Interesting. Thanks for the explanation. Now I get not only Latin geekery, but translation geekery, so I'm happy.

[identity profile] stinger78.livejournal.com 2010-07-28 06:48 pm (UTC)(link)
Wow! Just wow. This is all great stuff, and I can't imagine why you'd want to delete any of it (of course, I hadn't even heard of the source material before now, let alone read it).

[identity profile] nineweaving.livejournal.com 2010-07-28 06:57 pm (UTC)(link)
Stunning.

Witch, please!

Nine

[identity profile] nineweaving.livejournal.com 2010-07-29 01:22 am (UTC)(link)
I don't know if Shakespeare ever read the Pharsalia.

Possibly he did. He admired Marlowe's other work.

Garçon!
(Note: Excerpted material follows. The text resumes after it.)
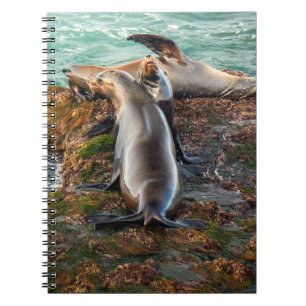 Carnet Otaries sur une côte rocheuse – Art de la faune cô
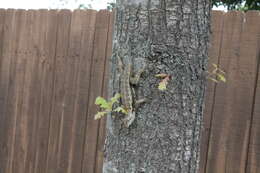 Image of Texas Spiny Lizard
I'll have the fillet of a fenny snake, à la mode.

Nine

[identity profile] nineweaving.livejournal.com 2010-07-29 01:25 am (UTC)(link)
More on "Lucanic irony."

Nine

[identity profile] nineweaving.livejournal.com 2010-07-29 04:40 am (UTC)(link)
He could read Latin, though he used North's Plutarch.

Nine

[identity profile] strange-selkie.livejournal.com 2010-07-28 06:59 pm (UTC)(link)
I'm glad to see this sort of thing from you again. You always do such an evocative job. I am about to descend into maudlin remember when we were crazy kids and did this kind of stuff all the time territory, so I'll be quiet now...
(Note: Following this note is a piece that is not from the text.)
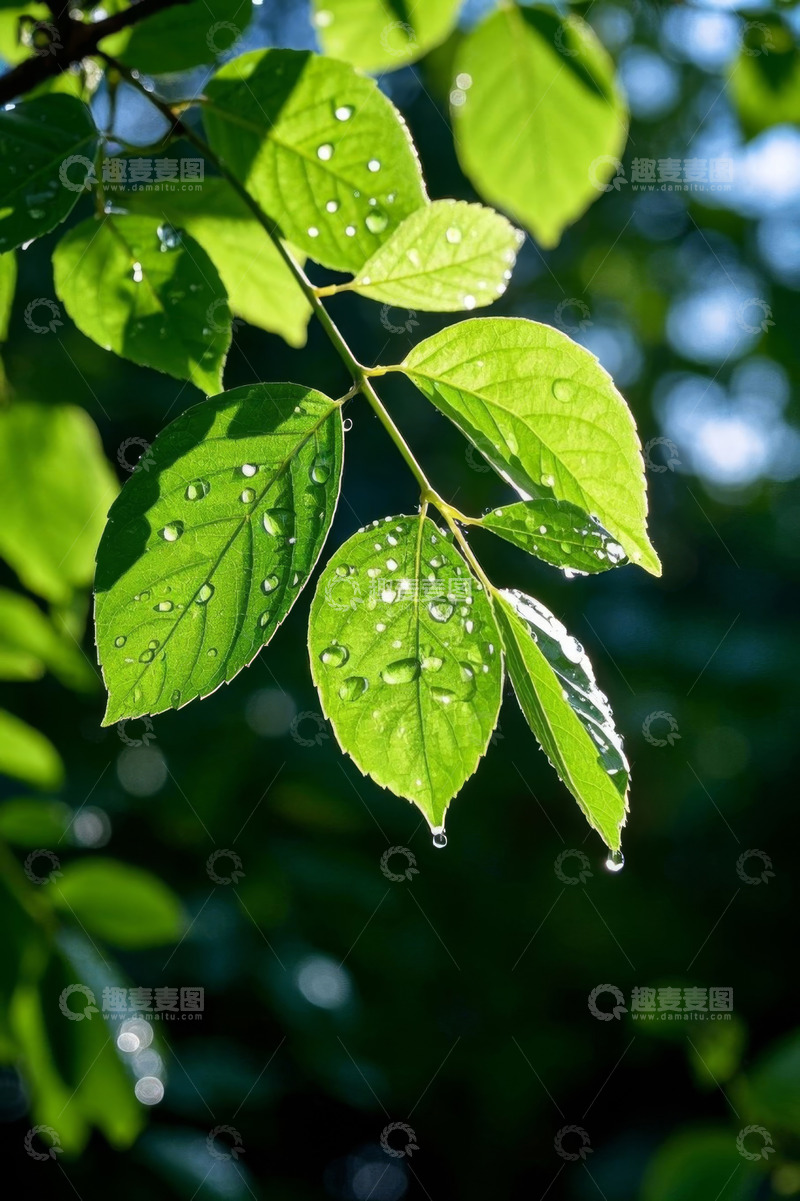 高清大图下载【趣麦麦图】带水珠的绿色树叶特写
[identity profile] kenjari.livejournal.com 2010-07-29 01:58 am (UTC)(link)
This is cool. Parts of it literally sing to me - as in, I can immediately hear in my head how to set them.

[identity profile] kenjari.livejournal.com 2010-07-29 03:06 am (UTC)(link)
It's also happened with some of your poems that you have posted here.
larryhammer: floral print origami penguin, facing left (greek poetry is sexy)

i need another ancient icon, don't i

[personal profile] larryhammer 2010-07-29 03:03 am (UTC)(link)
If you translate Pharsalia, I'm TOTALLY buying it, even in hardcover small-press prices. I also would totally beta read it.

Not that, given this smooth sample, you need much critting ...

---L.
larryhammer: floral print origami penguin, facing left (Default)

[personal profile] larryhammer 2010-07-29 02:44 pm (UTC)(link)
Do -- was offered in all seriousness.

I need to think about it, for the icon. If I did a Latin poetry one, it'd more likely be Ovid, but a possibility is something from Cato crossing the Libyan desert (that's from, what, book 5? 6? --it's been, um, a couple years) concluding with "Snakes -- why did it have to be snakes."

---L.
Edited 2010-07-29 14:44 (UTC)
larryhammer: floral print origami penguin, facing left (vanished away)

[personal profile] larryhammer 2010-07-29 05:51 pm (UTC)(link)
Thus proving I've forgotten more of the plot than I feared ...

[identity profile] ap-aelfwine.livejournal.com 2010-07-29 05:25 am (UTC)(link)
Very well done. I've no way of speaking to the original, of course, me with my follow-the-Mass-and-no-more Latin, but this is brilliant.

Please don't delete it? I'd much like to see more, an you'd care to write it.

[identity profile] ap-aelfwine.livejournal.com 2010-07-30 03:22 am (UTC)(link)
I think that's inevitable; I'm already backtracking through Book 6. Thank you.

I have to admit that I'm rather selfishly glad to hear of this. You're welcome.

[identity profile] asakiyume.livejournal.com 2010-08-01 12:20 am (UTC)(link)
those lantern-lawyers the Drusi and the Gracchi, fire-eaters—
hands cramped by knots of indissoluble steel and Dis' custody


--lantern-lawyer: this is an evocative vocation/derogatory term. And fire eaters?

So run for your deaths

--loved that. Not "run for your lives," but for your deaths.

Also: The lord of the unmoving realm
throws open his pale house, he roughs out fetters
from broken stone and strong adamant, readying
the victor's punishment


--that strikes fear into the heart: the victor's punishment. A new take on damned if you do, damned if you don't.